KEDUA ekornya yang membentang jadi penopang sepucuk laras baja sepanjang 3,17 meter. Moncongnya yang mengarah ke depan sedikit demi sedikit mendongak hingga elevasi 70 derajat seiring Kopral Dua (Marinir) Bintang R memutar tuas elevasinya secara manual. Dalam hitungan detik, Howitzer LG-1 Mk II itu sudah dalam keadaan siap tempur dengan daya hancur seluas 200 meter persegi.

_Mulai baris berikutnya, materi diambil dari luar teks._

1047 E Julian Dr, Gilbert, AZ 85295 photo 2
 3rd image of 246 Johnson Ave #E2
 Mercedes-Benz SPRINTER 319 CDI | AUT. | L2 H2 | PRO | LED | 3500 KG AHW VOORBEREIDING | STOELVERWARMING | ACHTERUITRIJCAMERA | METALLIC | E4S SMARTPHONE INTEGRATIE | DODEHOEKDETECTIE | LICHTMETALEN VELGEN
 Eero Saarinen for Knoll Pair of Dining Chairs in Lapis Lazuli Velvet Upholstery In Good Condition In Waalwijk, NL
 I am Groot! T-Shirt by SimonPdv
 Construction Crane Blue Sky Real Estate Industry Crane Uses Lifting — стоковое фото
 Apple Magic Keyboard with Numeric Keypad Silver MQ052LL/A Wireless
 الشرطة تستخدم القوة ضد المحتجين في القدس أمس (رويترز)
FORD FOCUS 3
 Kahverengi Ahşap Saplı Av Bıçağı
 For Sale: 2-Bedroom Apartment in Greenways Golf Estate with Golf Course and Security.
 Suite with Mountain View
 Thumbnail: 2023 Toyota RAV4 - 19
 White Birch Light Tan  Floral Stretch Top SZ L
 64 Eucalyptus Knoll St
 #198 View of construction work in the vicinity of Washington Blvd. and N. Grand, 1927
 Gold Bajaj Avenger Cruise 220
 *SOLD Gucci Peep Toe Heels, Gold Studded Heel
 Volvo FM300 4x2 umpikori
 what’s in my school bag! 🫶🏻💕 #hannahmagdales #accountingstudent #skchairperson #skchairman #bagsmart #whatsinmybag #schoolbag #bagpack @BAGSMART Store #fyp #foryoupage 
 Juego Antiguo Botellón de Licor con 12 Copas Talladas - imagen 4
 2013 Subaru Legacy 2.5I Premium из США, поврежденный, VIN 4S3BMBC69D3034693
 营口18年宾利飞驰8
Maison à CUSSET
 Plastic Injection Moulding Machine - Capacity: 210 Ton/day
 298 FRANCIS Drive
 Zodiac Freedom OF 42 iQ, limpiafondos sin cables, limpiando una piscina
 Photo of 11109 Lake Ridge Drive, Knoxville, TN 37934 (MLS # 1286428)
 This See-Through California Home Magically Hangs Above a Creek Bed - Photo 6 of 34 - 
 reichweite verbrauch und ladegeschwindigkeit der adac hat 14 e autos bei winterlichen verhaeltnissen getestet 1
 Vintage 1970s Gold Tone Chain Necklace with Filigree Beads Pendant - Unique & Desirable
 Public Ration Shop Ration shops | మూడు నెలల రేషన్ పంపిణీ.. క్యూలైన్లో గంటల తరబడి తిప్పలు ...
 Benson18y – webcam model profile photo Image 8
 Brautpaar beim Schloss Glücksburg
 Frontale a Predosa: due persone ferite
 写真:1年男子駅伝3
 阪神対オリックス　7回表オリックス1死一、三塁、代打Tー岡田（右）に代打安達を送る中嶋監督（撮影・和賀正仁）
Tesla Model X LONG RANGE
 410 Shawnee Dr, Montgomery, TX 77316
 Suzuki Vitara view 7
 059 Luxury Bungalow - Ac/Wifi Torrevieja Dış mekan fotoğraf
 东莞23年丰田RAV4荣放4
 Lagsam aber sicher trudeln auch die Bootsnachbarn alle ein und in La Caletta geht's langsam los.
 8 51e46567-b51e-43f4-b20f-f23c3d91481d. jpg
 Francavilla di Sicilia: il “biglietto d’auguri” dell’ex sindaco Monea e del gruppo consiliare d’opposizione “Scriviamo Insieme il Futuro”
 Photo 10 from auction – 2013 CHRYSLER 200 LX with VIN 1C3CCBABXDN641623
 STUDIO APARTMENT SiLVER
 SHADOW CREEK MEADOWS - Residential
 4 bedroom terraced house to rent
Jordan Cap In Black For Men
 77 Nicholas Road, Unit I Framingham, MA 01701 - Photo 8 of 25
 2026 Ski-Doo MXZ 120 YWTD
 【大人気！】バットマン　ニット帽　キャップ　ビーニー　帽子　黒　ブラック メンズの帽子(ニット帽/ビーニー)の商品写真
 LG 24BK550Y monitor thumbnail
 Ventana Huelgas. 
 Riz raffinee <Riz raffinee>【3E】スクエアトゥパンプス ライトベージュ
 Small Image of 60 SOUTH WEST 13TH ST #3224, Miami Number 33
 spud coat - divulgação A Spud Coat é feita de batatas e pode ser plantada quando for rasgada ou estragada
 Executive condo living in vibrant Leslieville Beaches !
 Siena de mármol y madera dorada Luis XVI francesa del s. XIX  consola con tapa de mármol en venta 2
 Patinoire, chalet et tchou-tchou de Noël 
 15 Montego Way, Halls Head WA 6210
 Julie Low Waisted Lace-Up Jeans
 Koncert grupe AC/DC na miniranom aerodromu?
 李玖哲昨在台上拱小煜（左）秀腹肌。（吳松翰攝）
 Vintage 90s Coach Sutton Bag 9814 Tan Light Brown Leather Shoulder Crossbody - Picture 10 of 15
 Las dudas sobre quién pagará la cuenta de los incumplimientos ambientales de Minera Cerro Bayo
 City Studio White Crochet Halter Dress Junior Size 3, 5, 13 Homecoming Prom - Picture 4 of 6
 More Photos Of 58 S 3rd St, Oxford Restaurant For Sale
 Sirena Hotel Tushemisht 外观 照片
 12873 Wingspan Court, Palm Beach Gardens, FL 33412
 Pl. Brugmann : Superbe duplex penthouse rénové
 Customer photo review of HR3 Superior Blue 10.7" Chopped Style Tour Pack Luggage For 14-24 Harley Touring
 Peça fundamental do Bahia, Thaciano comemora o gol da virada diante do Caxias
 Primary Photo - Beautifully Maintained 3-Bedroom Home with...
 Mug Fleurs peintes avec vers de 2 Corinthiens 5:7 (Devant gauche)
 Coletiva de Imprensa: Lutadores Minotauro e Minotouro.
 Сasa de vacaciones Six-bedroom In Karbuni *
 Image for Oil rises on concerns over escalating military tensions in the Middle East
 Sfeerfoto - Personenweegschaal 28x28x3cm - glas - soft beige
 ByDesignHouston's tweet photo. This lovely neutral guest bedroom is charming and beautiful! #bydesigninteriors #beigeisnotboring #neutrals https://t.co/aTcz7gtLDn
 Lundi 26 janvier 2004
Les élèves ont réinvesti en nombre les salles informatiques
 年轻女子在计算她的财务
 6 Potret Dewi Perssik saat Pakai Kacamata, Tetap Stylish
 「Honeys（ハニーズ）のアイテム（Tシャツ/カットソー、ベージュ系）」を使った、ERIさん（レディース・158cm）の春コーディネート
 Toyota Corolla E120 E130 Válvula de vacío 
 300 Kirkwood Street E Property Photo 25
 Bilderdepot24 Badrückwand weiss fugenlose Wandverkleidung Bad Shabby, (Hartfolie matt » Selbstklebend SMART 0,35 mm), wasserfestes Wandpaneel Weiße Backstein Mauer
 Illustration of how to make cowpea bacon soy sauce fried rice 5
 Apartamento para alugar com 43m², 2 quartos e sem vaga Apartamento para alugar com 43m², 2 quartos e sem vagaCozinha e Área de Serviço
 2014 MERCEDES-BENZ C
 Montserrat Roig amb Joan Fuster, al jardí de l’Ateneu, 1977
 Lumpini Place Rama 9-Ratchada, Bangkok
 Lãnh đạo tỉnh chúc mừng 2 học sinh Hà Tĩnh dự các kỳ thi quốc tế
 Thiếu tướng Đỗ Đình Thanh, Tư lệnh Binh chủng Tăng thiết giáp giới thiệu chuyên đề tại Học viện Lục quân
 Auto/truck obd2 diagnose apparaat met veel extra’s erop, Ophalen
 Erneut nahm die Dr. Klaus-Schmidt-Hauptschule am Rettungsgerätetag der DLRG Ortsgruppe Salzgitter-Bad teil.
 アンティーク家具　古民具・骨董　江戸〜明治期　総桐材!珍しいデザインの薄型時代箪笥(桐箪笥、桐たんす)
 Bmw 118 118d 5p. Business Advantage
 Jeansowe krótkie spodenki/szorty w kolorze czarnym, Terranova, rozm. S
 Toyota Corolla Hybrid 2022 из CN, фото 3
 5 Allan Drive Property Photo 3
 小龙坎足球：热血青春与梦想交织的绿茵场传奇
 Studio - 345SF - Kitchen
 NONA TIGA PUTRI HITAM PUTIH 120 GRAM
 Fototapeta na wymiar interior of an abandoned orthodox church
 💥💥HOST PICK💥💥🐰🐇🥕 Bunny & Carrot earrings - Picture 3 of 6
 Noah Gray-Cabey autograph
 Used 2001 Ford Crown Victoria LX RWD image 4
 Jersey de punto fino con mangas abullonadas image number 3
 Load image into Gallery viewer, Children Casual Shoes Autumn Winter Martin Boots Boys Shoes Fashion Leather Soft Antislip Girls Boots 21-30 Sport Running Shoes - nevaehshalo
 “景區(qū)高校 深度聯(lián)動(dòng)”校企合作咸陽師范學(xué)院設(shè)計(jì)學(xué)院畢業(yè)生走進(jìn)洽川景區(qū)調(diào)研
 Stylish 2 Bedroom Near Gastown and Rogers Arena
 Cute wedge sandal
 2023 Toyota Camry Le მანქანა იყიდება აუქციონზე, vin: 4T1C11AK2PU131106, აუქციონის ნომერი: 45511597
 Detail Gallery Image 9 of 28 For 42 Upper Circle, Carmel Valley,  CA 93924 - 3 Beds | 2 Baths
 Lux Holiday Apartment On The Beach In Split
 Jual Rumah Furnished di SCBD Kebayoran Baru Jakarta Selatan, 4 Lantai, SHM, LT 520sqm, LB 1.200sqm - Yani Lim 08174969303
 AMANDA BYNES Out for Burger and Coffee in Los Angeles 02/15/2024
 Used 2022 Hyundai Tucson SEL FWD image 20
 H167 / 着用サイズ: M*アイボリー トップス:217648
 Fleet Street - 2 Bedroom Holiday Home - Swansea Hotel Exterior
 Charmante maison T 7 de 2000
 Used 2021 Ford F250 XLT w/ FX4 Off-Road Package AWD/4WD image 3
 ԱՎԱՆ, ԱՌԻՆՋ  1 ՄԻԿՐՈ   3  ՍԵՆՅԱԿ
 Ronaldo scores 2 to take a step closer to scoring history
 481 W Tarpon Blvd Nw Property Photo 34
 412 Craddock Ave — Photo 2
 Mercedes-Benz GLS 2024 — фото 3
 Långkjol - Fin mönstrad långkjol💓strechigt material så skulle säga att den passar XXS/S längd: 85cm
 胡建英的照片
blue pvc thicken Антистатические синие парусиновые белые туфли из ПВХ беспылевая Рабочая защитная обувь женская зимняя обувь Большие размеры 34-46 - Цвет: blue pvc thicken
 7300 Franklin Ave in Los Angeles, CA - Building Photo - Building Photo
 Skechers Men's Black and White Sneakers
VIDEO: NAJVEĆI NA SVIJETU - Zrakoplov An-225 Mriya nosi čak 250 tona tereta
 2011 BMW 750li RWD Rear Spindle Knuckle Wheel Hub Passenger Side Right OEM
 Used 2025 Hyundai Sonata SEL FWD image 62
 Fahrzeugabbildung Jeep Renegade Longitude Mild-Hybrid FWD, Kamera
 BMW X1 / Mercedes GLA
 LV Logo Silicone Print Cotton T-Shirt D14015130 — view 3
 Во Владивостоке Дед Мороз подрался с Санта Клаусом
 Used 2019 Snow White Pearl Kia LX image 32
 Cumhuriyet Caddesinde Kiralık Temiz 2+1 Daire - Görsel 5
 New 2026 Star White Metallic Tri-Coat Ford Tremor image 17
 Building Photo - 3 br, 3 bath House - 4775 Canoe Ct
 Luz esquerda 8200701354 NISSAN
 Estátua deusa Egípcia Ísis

Tentu saja artileri kaliber 105 milimeter itu tidak sedang diarahkan untuk memangsa suatu sasaran pada Jumat (16/9/2022) itu. Sang kopral sekadar sedang mendemonstrasikan howitzer buatan Prancis tersebut. Satu dari sekian alutsista itu sedang dipamerkan di Naval Expo TNI AL dalam rangka HUT TNI AL ke-77 di Balai Samudera, Kelapa Gading, Jakarta Utara, 11-18 September 2022.
“Ini unit kita dari Yonhow-1 Mar (Batalyon Howitzer-1 Korps Marinir) ‘Sapu Jagad’. Ini satu dari tujuh unit kita. Kita sudah punya ini sejak 1995,” kata Kopda Bintang menerangkan kepada Historia.
Baca juga: AMX-13 Tank Prancis Rasa Amerika
Howitzer yang tergolong artileri medan ringan itu punya jarak tembak maksimal 1,75 kilometer. Alutsita beroda dua ini juga punya bobot 1.520 kilogram. Jika ekor dan laras ringkasnya dilipat, ia dengan mudah ditarik truk militer ukuran sedang –Yonhow-1 biasanya menggunakan Mercedes Unimog– atau helikopter – Bell 412 atau AS332 Super Puma.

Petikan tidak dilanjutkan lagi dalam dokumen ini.